Su gran inspiración fue, sin duda, la naturaleza; y su motor, la ambición. Su formación corrió de la mano de Louis Sullivan –creador en parte de la corriente de arquitectura moderna-, quien le acogió con 19 años, después de abandonar la escuela de ingeniería. Así arrancó su vida en Chicago, la verdadera ciudad de los rascacielos y fuente de inspiración para cualquier aprendiz de arquitecto.
Al joven Lloyd Wright le sucedieron cosas, muchas cosas: se casó, tuvo seis hijos, se endeudó y, como todo gran creador, rompió con su mentor para comenzar a caminar solo. De todas esas experiencias vitales nacieron las viviendas integradas en el entorno, los techos bajos, las residencias horizontales, lo fluido y lo orgánico… La Robin House, el Prairie Style.
Después vendrían sus decisiones más extravagantes en lo privado, pero más admiradas en el terreno de la creación y la arquitectura. Con cuarenta años dejó a su familia en Estados Unidos y se fue a vivir con una conocida cliente que, por cierto, tuvo la deferencia de fallecer en el incendio-asesinato de la Taliesin House de Wisconsin, casa-taller del prolífico arquitecto.

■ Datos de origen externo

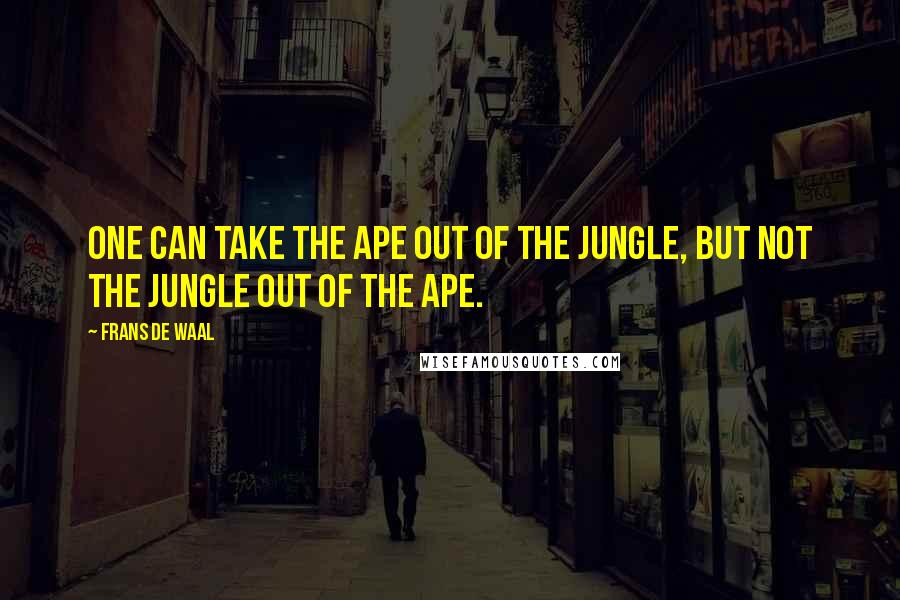 Frans De Waal Quotes: One can take the ape out of the jungle, but not the jungle out of the ape.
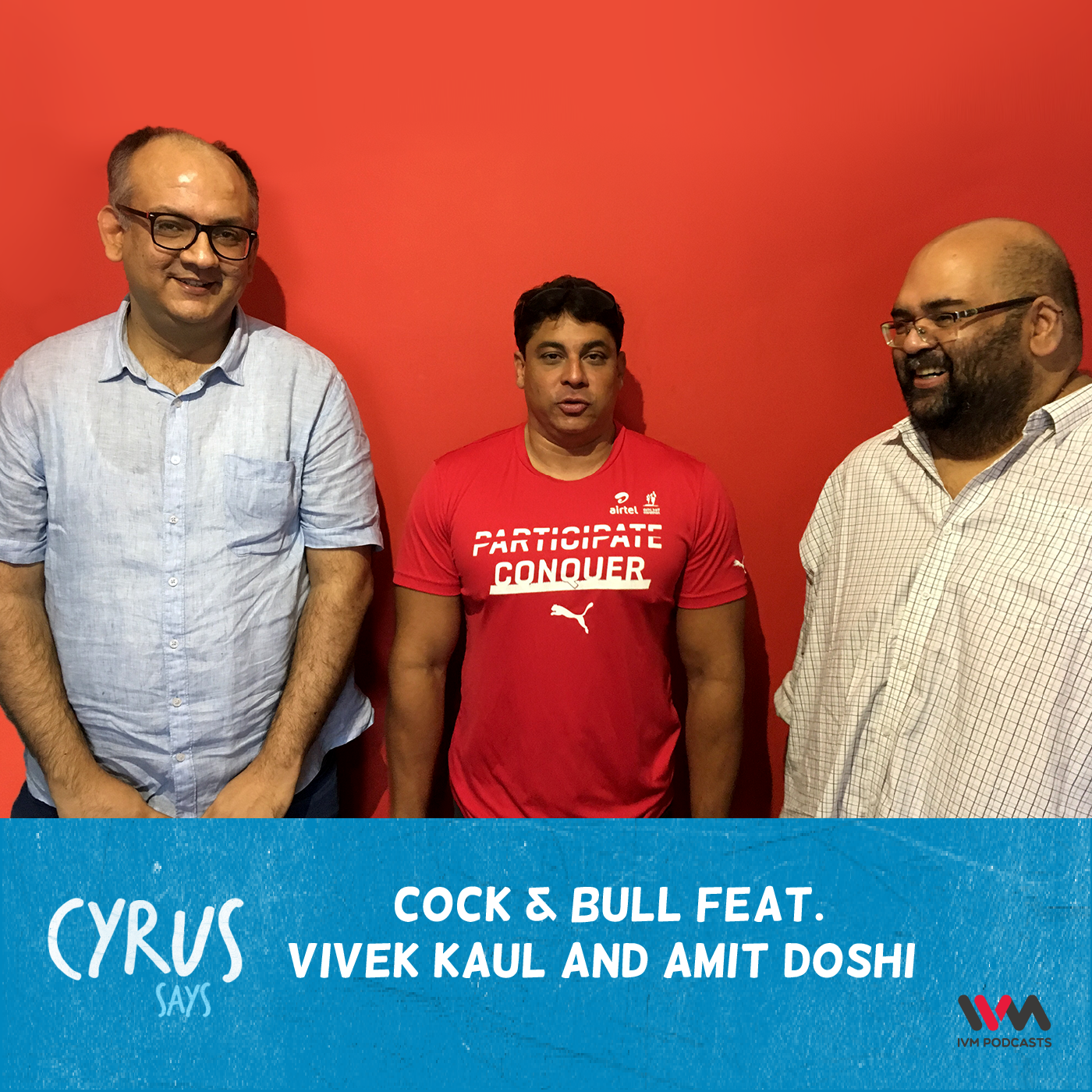 Ep. 302: Cock & Bull feat. Vivek Kaul and Amit Doshi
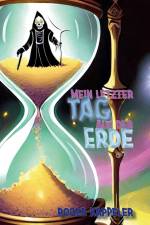 Mein letzter Tag auf der Erde af Roger Kappeler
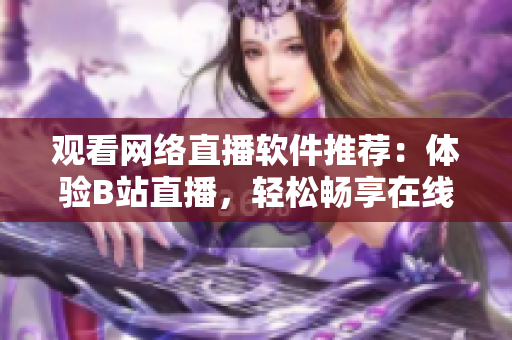 觀看網(wǎng)絡(luò)直播軟件推薦：體驗B站直播，輕松暢享在線直播樂趣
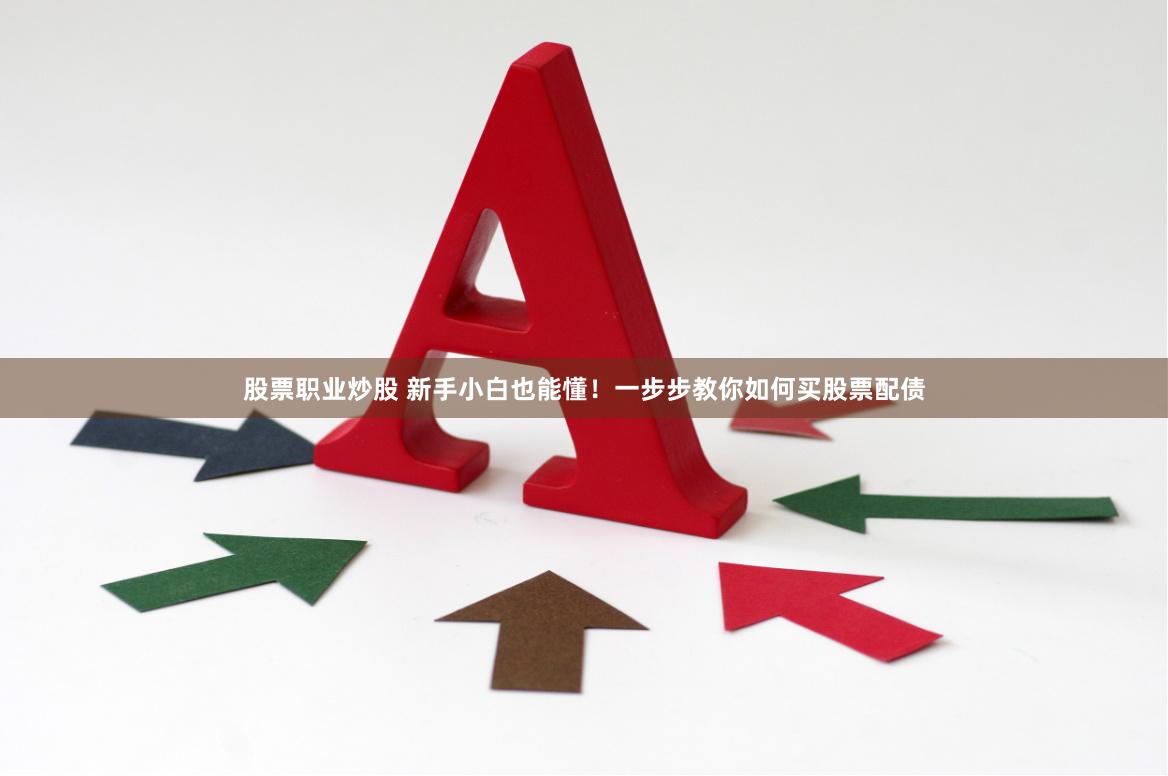 股票职业炒股 新手小白也能懂!一步步教你如何买股票配债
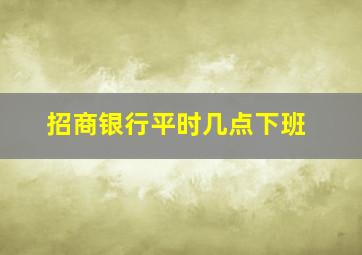 招商银行平时几点下班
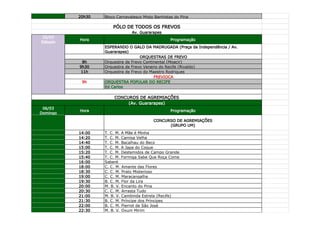 20h30   Bloco Carnavalesco Misto Banhistas do Pina

                      PÓLO DE TODOS OS FREVOS
                               Av. Guararapes
 05/03
          Hora                                    Programação
Sábado
                  ESPERANDO O GALO DA MADRUGADA (Praça da Independência / Av.
                  Guararapes)
                                   ORQUESTRAS DE FREVO
           8h     Orquestra de Frevo Continental (Moacir)
          9h30    Orquestra de Frevo Veneno do Recife (Rivaldo)
          11h     Orquestra de Frevo do Maestro Rodrigues
                                          FREVIOCA
           9h     ORQUESTRA POPULAR DO RECIFE
                  Ed Carlos

                      CONCUROS DE AGREMIAÇÕES
                           (Av. Guararapes)
 06/03
          Hora                                    Programação
Domingo
                                          CONCURSO DE AGREMIAÇÕES
                                                (GRUPO UM)
          14:00   T. C. M. A Mãe é Minha
          14:20   T. C. M. Camisa Velha
          14:40   T. C. M. Bacalhau do Beco
          15:00   T. C. M. A Japa do Coque
          15:20   T. C. M. Destemidos de Campo Grande
          15:40   T. C. M. Formiga Sabe Que Roça Come
          16:00   Saberé
          18:00   C. C. M. Amante das Flores
          18:30   C. C. M. Prato Misterioso
          19:00   C. C. M. Maracangalha
          19:30   B. C. M. Flor da Lira
          20:00   M. B. V. Encanto do Pina
          20:30   C. C. M. Arrasta Tudo
          21:00   M. B. V. Cambinda Estrela (Recife)
          21:30   B. C. M. Príncipe dos Príncipes
          22:00   B. C. M. Pierrot de São José
          22:30   M. B. V. Oxum Mirim
 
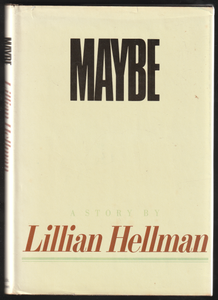 Maybe By Lillian Hellman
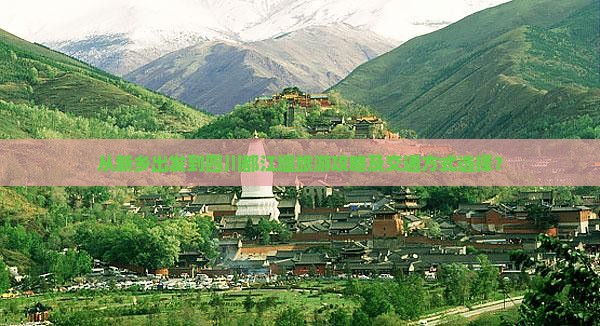 从新乡出发到四川都江堰旅游攻略及交通方式选择？
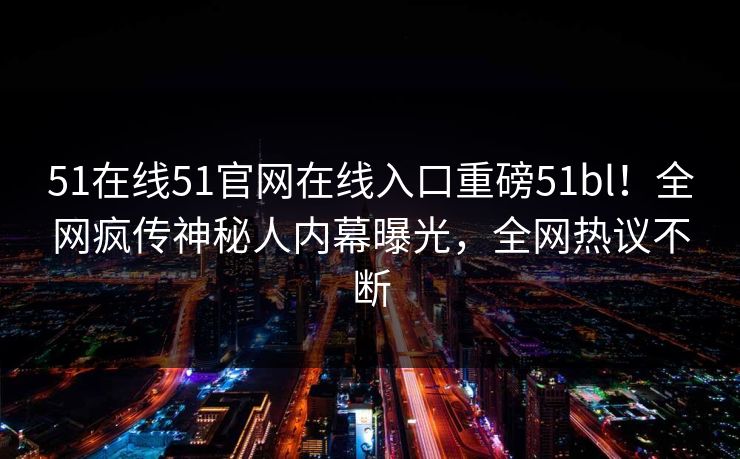 51在线51官网在线入口重磅51bl！全网疯传神秘人内幕曝光，全网热议不断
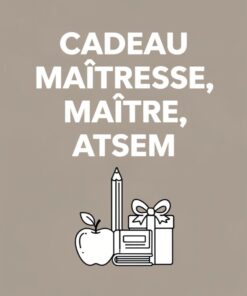 cadeau maitresse, maitre, atsem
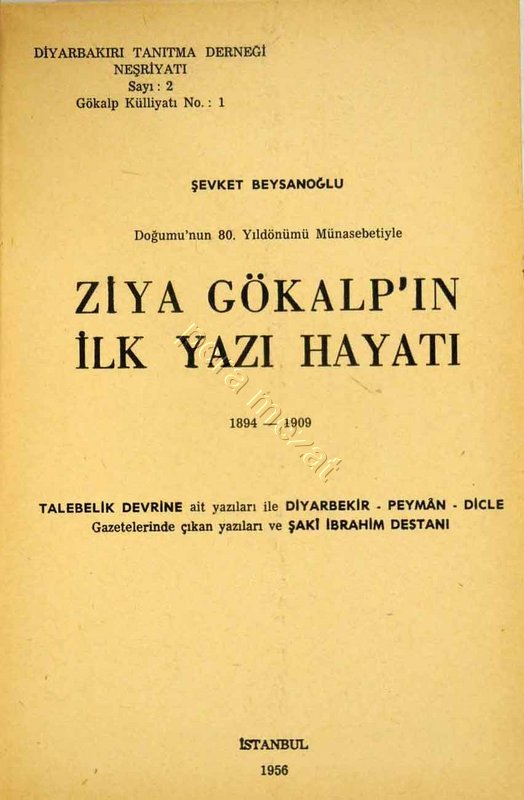 Ziya Gökalpin İlk Yazı Hayatı (1894-1909) Kitap Kapağı
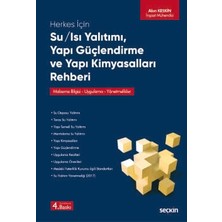 Seçkin Herkes Için Su / Isı Yalıtımı - Yapı Güçlendirme ve Yapı Kimyasalları Rehberi Malzeme Bilgisi - Uygulama - Yönetmelikler Akın Keskin 4. Baskı, Mayıs 2026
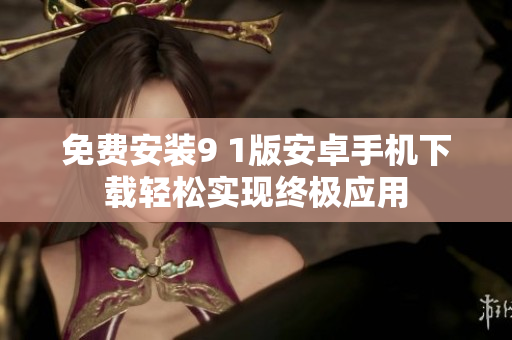 免費(fèi)安裝9 1版安卓手機(jī)下載輕松實(shí)現(xiàn)終極應(yīng)用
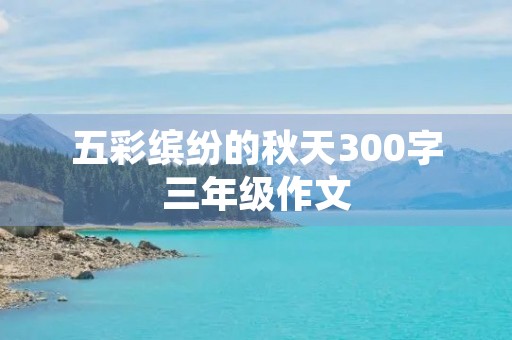 五彩缤纷的秋天300字三年级作文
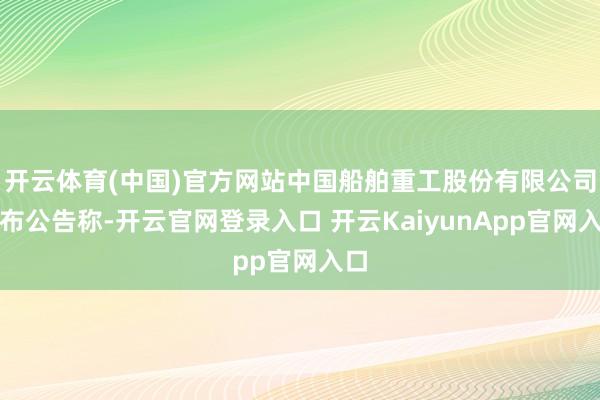 开云体育(中国)官方网站中国船舶重工股份有限公司发布公告称-开云官网登录入口 开云KaiyunApp官网入口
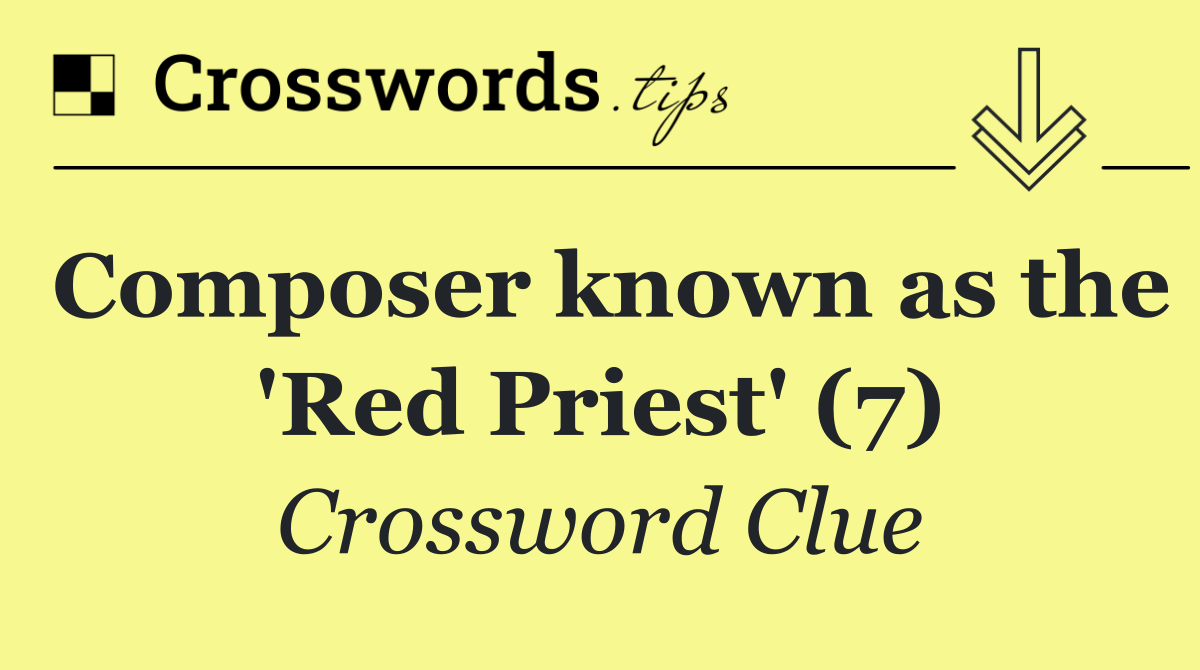 Composer known as the 'Red Priest' (7)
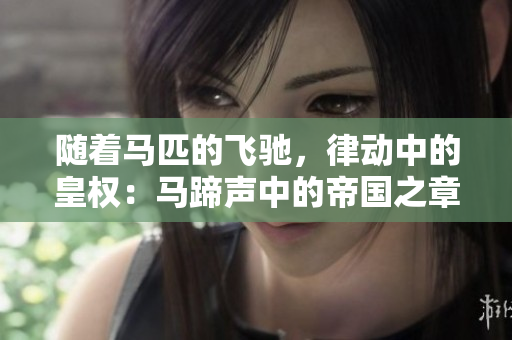 隨著馬匹的飛馳，律動(dòng)中的皇權(quán)：馬蹄聲中的帝國(guó)之章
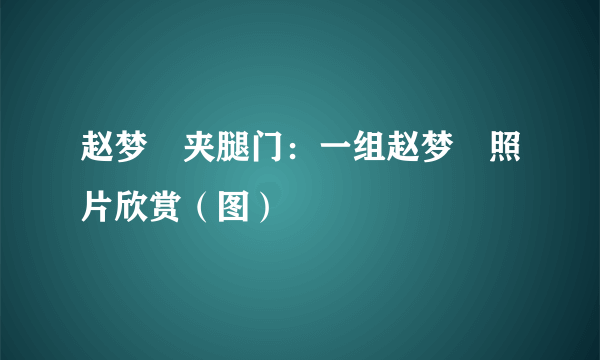 赵梦玥夹腿门：一组赵梦玥照片欣赏（图）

Luego vino Japón. O mejor dicho, Frank visitó el País del Sol Naciente en busca de inspiración y nuevos horizontes. Dicen sus allegados que creció su petulancia. De nuevo, tampoco lo sabemos si es cierto. Lo que sí sucedió es que Lloyd Wright comenzó a vivir la utopía y se volvió (al menos) bastante irreverente. Allí dejó obras tamañas como el Hotel Imperial de Tokyo.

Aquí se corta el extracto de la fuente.